Records from a collection:
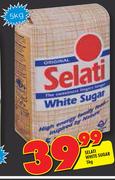 Selati White Sugar-5KG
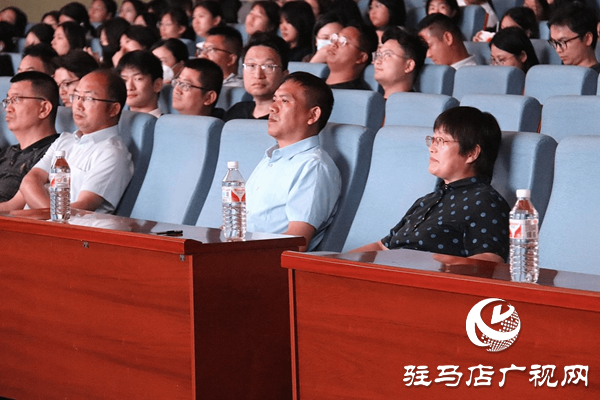 駐馬店職業技術學院舉行第七屆5.25心理健康教育宣傳月活動開幕式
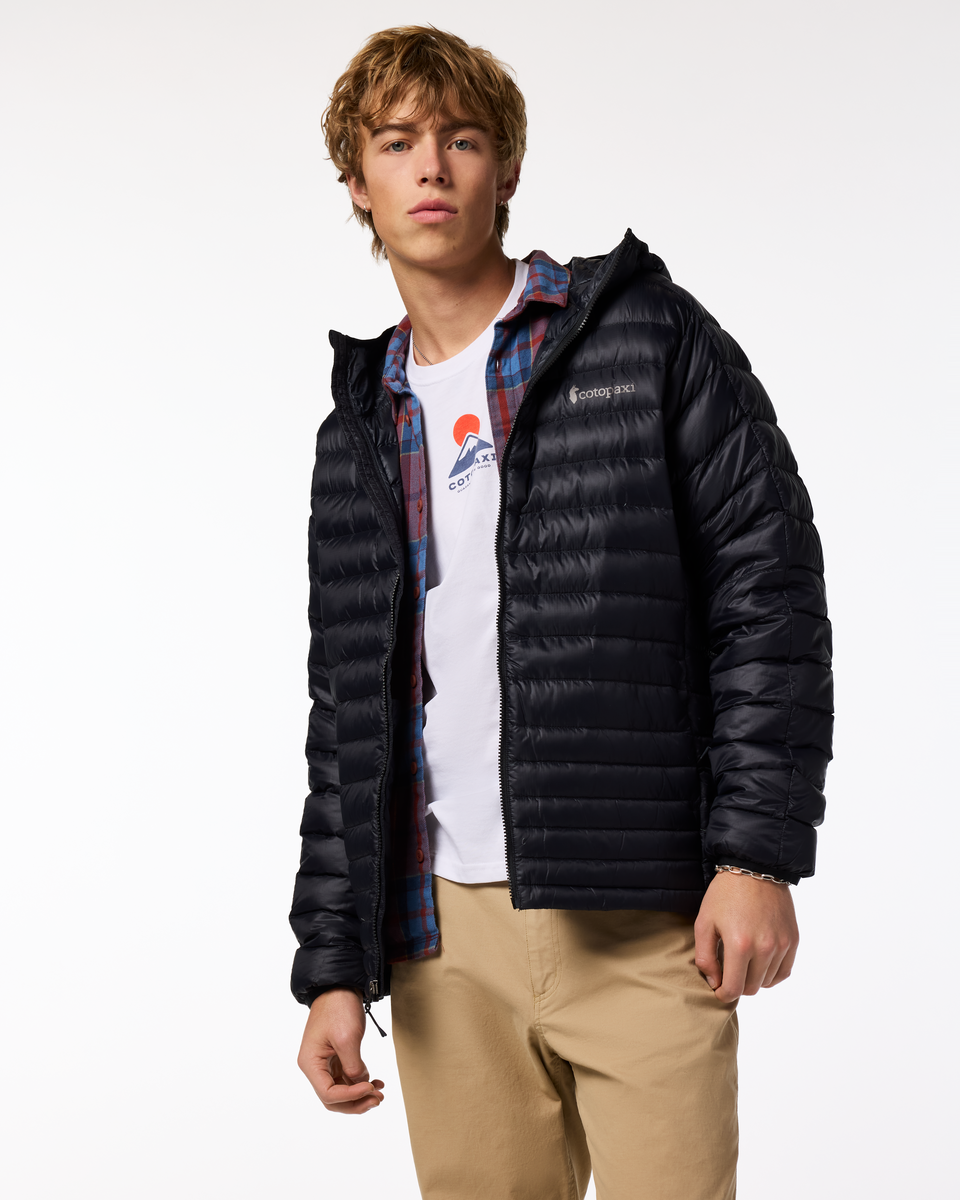Fuego Down Hooded Jacket - Men's - Cotopaxi Black - US 1836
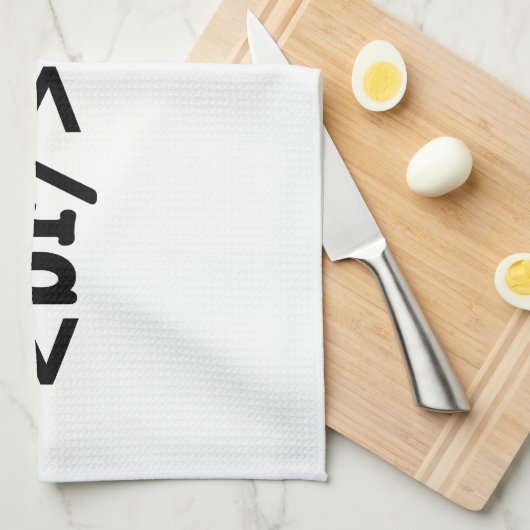 HTML-Code Geschirrtuch (Viertel Falte)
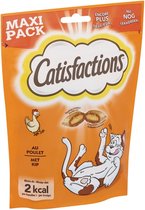 Catisfaction kattensnoepjes - kip - adult - 4 stuks x 180 gram
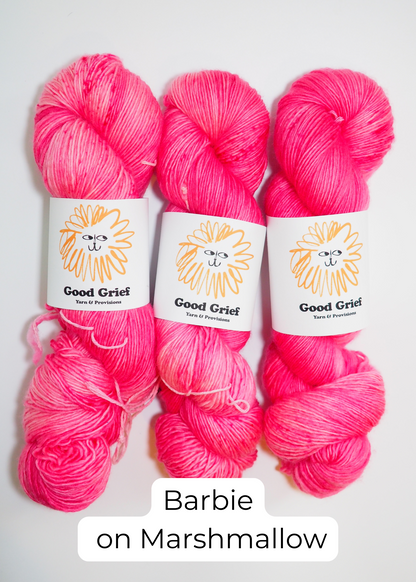 Good Grief Custom Dyes: Marshmallow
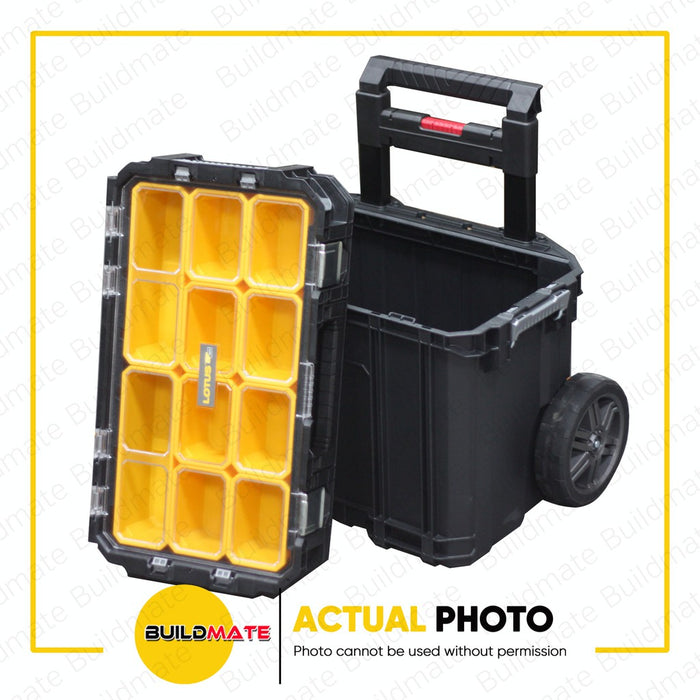 LOTUS X-CONNECT 2PC System Organizer Cart Storage Tool Box LTXC56GC •BUILDMATE•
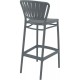 20-0917 PORTOFINO 75εκ. ΣΚΑΜΠΟ DARK GREY ΠΟΛ/ΝΙΟΥ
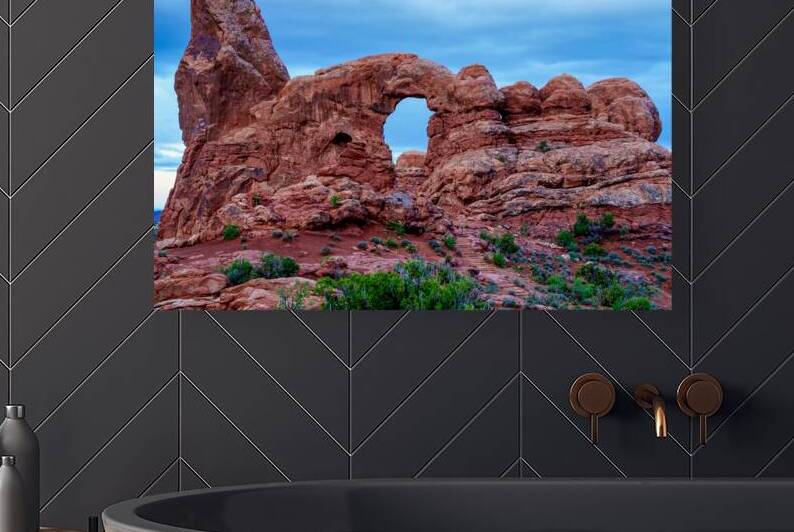 Arches Turret Arch by Jennifer White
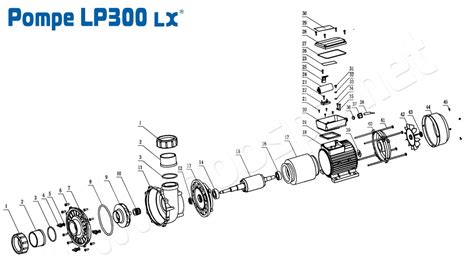 We can supply a range of pumps for your chinese hot tub from circulation pump to the jet pump, just let us know the model. Pieces for LX WHIRLPOOL pumps | BOOSPA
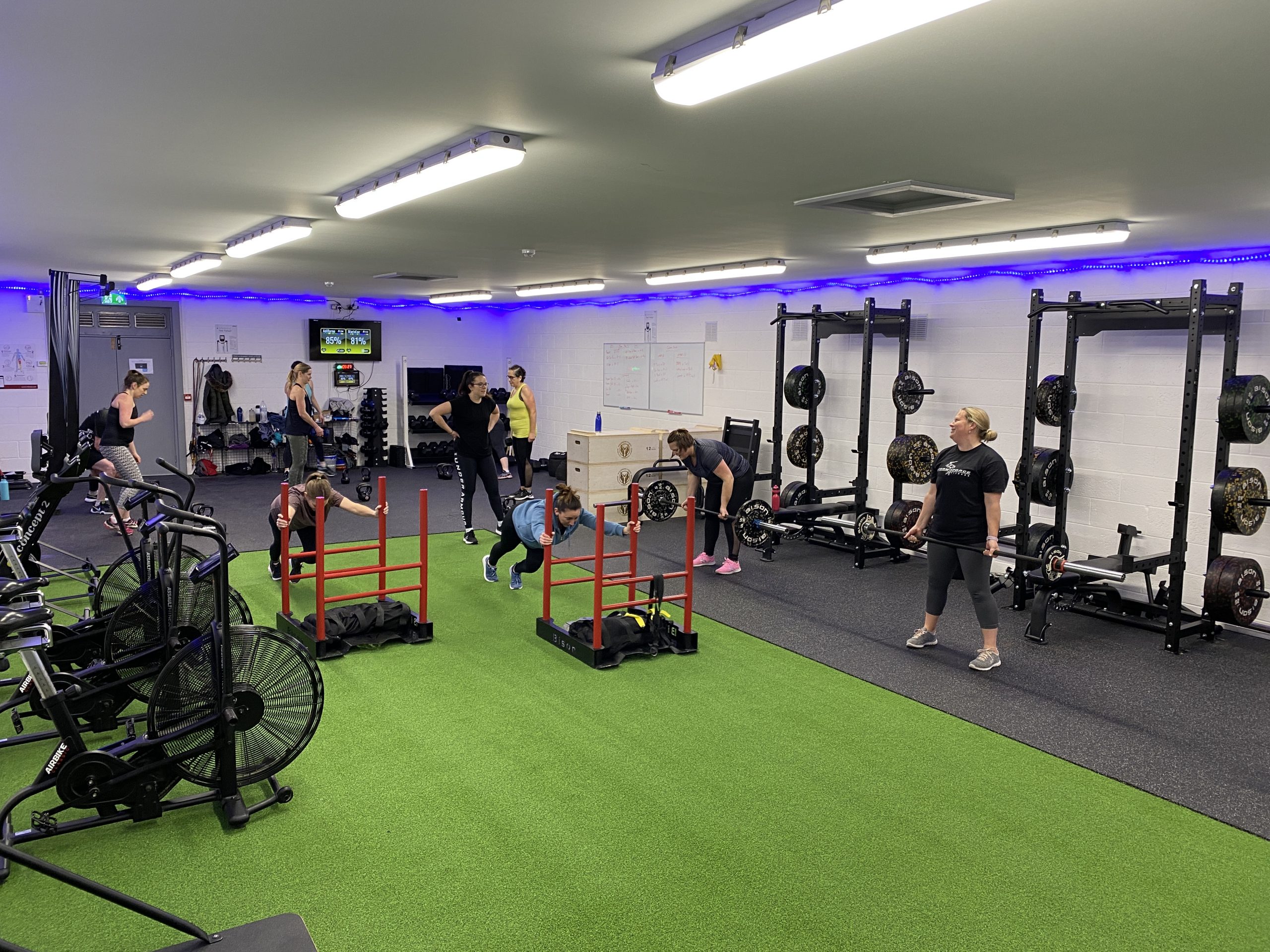 fitness classes Guernsey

EXERCISE — All the records above need to be given again word for word. Skip the pictures.

EXPECTED ANSWER —
 Selati White Sugar-5KG
 駐馬店職業技術學院舉行第七屆5.25心理健康教育宣傳月活動開幕式
Fuego Down Hooded Jacket - Men's - Cotopaxi Black - US 1836
 HTML-Code Geschirrtuch (Viertel Falte)
 Catisfaction kattensnoepjes - kip - adult - 4 stuks x 180 gram
 Good Grief Custom Dyes: Marshmallow
 LOTUS X-CONNECT 2PC System Organizer Cart Storage Tool Box LTXC56GC •BUILDMATE•
 20-0917 PORTOFINO 75εκ. ΣΚΑΜΠΟ DARK GREY ΠΟΛ/ΝΙΟΥ
 Arches Turret Arch by Jennifer White
 We can supply a range of pumps for your chinese hot tub from circulation pump to the jet pump, just let us know the model. Pieces for LX WHIRLPOOL pumps | BOOSPA
 fitness classes Guernsey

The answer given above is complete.